The US said Pyongyang would also allow inspectors from the International Atomic Energy Agency back into the country to visit its controversial facilities at Yongbyon.

Hammered out in talks in Beijing late last month, the deal is widely considered the most significant since protracted six-nation talks over North Korea's denuclearisation collapsed three years ago - and is raising cautious hopes that the talks could be revived once Pyongyang's young new leader, Kim Jong-un, settles into the position held by his father and grandfather.

The problem for Seoul, however, is that while it must obviously support the six-party effort, it is still waiting for apologies and/or explanations from Pyongyang for the torpedoing of its naval ship Cheonan in March 2010 and the shelling of an island community on Yeonpyeong in November that year. Forty-six sailors died in the Cheonan sinking while four South Koreans were killed on Yeonpyeong. The attacks saw tensions across the Korean demilitarised zone - the world's most heavily fortified border - escalate to their most serious point in years.

Seoul is pushing for its own talks with the North over those incidents and other matters, such as stalled aid flows - a bilateral effort that they hope will create room for the six-party framework, an effort that also involves China, the US, Japan and Russia.

A statement from Pyongyang on Friday, however, highlighted the difficulty of that effort - and its different approaches to Washington and Seoul.

Its supreme military command issued a statement renewing threats to launch a 'sacred war' against the South, and warned that slogans and banners displayed at southern barracks and facilities slandered Pyongyang's top leaders. It 'solemnly declares once again that it will indiscriminately stage its own-style sacred war to wipe out the group of traitors'.

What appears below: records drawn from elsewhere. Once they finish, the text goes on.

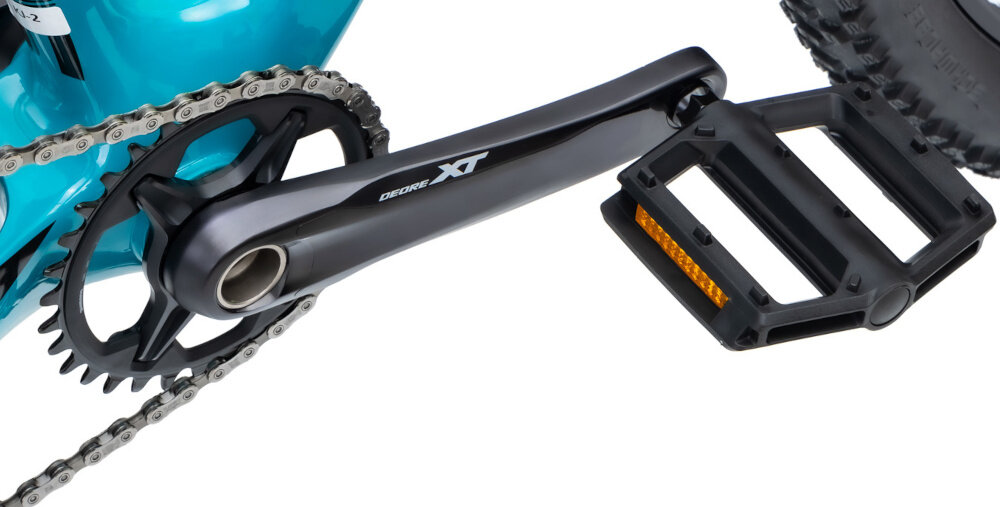 Rower górski MTB ROMET Monsun 2.0 29151342-B 1 U15 29 cali Turkusowy zbliżenie na korbę i kasetę białe tło widok z boku precyzyjny napęd oparty na komponentach renomowanej marki SHIMANO kaseta SHIMANO Deore typu CS-M6100 o szerokim zakresie 10-51T korba SHIMANO Deore XT typu FC-M8100-1 32T 170 mm
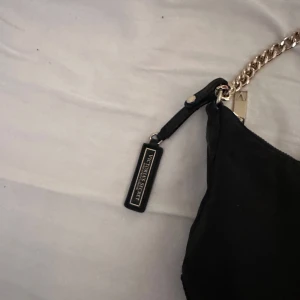 Svart axelväska med kedja från Victoria secret - Snygg svart axelväska från Victoria's Secret med en elegant guldkedja som axelrem. Väskan har en dragkedja upptill och en stilren design med en liten logotyp framtill. Perfekt för att ge en touch av glamour till din outfit.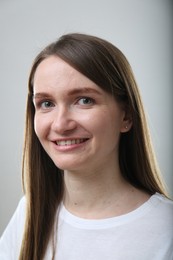 Portrait of beautiful happy woman on light grey background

'Those who hurt the dignity of the supreme leadership of the DPRK even a bit will find no breathing spell in this land and sky,' it said.

Several South Korean officials said they knew Pyongyang was determined to drive a wedge between Washington and Seoul, but that in the long term Seoul could not be ignored, given the lead role it would have to play in any economic rebuilding of the North. They also noted the strong personal ties between President Lee Myung-bak and his US counterpart, Barack Obama - a relationship far closer than that between any of their predecessors.

'There is no gap, no daylight' for the North to exploit, one senior official said. 'We've been closely consulted every step of the way ... and that is going to continue.'

Even if the six-party and bilateral talks resumed, it 'did not necessarily mean that we can go back to business as usual without fully addressing those [Cheonan] issues', he said.

As they watch for signs of fresh strategies from Pyongyang, South Korean officials are also warily eyeing Beijing, which they believe is continuing to deepen its links with the new leadership in Pyongyang even as North Korea courts Washington. South Korea diplomats have long bristled at a lack of detailed information about Pyongyang in discussions with Chinese counterparts.

The Foreign Ministry in Beijing welcomed news of the US-North Korea deal, and some mainland scholars note Beijing played an active role in bringing the two sides together, hoping that would revive the six-nation effort.

The two Koreas remain technically at war, their conflict having ended with a truce and fortified separation in 1953.